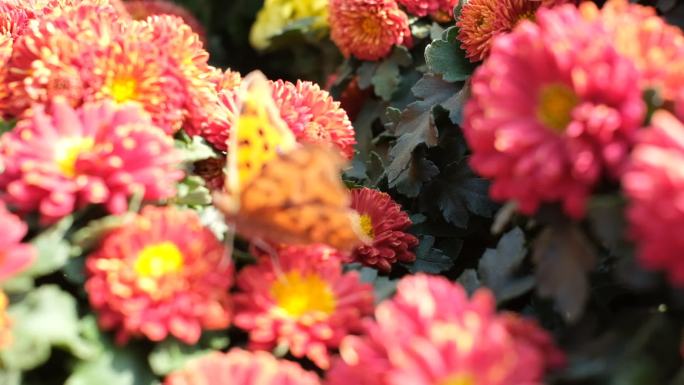 一只蝴蝶在盛开的菊花上采花粉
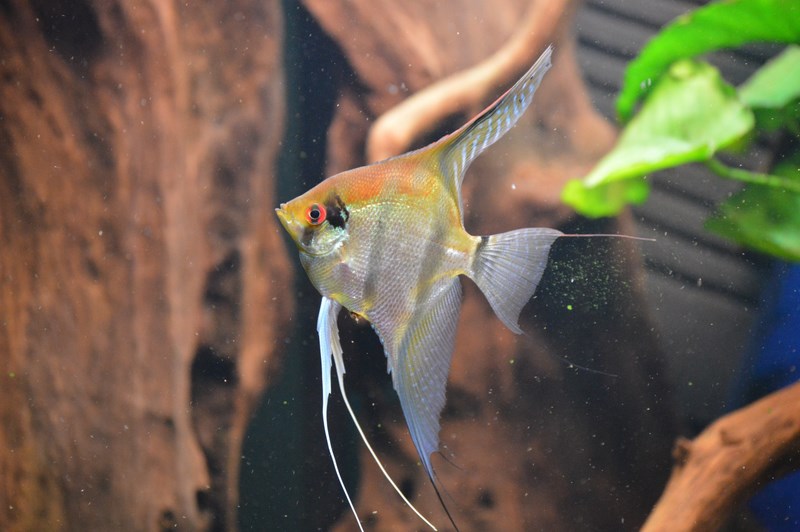 DSC_0059 (Kopiowanie).JPG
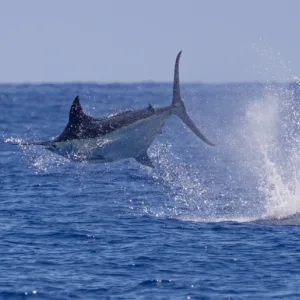 Three quarter day boat trip visiting popular marine spots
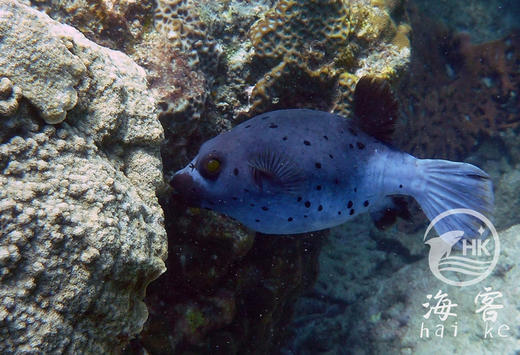 灰狗头 商品图3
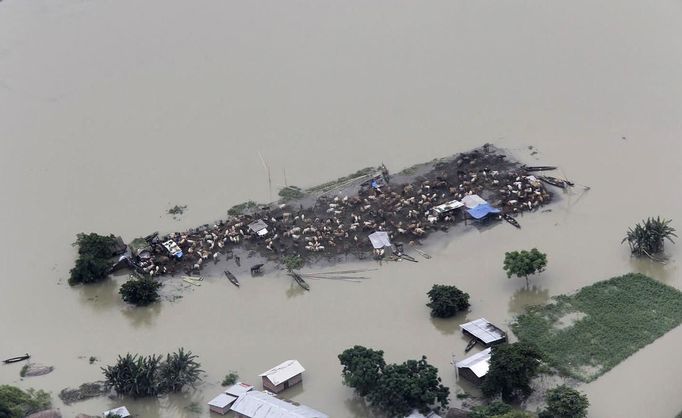 Domesticated animals are seen stranded on an islet in the flooded areas of the Sonitpur district in the northeastern Indian state of Assam July 1, 2012. Incessant heavy rains in northeast India have caused massive flooding and landslides, killing more than 60 people, local media reported on Sunday. Picture taken July 1, 2012. REUTERS/Stringer (INDIA - Tags: DISASTER ENVIRONMENT ANIMALS) Published: Čec. 2, 2012, 7:31 dop.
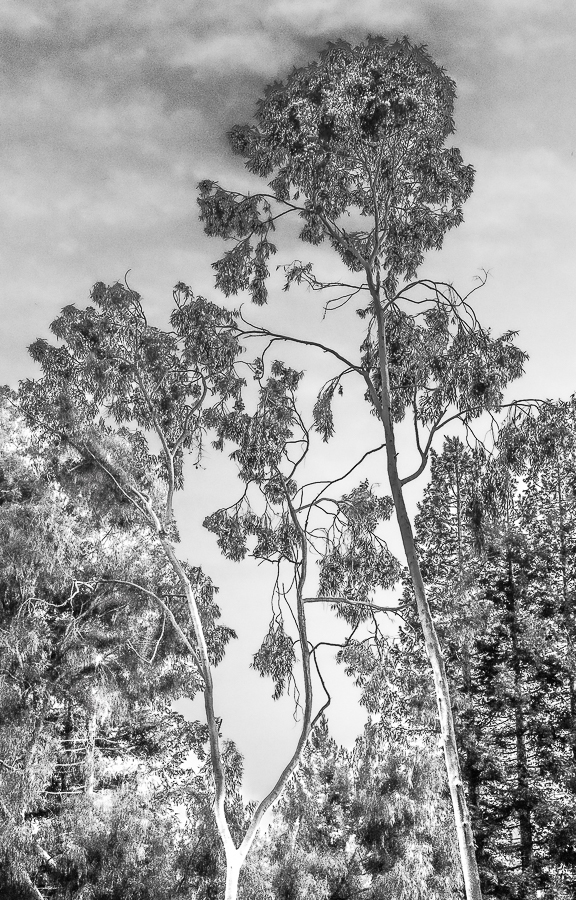 Monochrome Mondays: Eucalyptus&nbsp;rising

• **Required work**
Set down the material exactly as given, but print none of the pictures.

• **Answer to the problem**
 一只蝴蝶在盛开的菊花上采花粉
 DSC_0059 (Kopiowanie).JPG
 Three quarter day boat trip visiting popular marine spots
 灰狗头 商品图3
 Domesticated animals are seen stranded on an islet in the flooded areas of the Sonitpur district in the northeastern Indian state of Assam July 1, 2012. Incessant heavy rains in northeast India have caused massive flooding and landslides, killing more than 60 people, local media reported on Sunday. Picture taken July 1, 2012. REUTERS/Stringer (INDIA - Tags: DISASTER ENVIRONMENT ANIMALS) Published: Čec. 2, 2012, 7:31 dop.
 Monochrome Mondays: Eucalyptus&nbsp;rising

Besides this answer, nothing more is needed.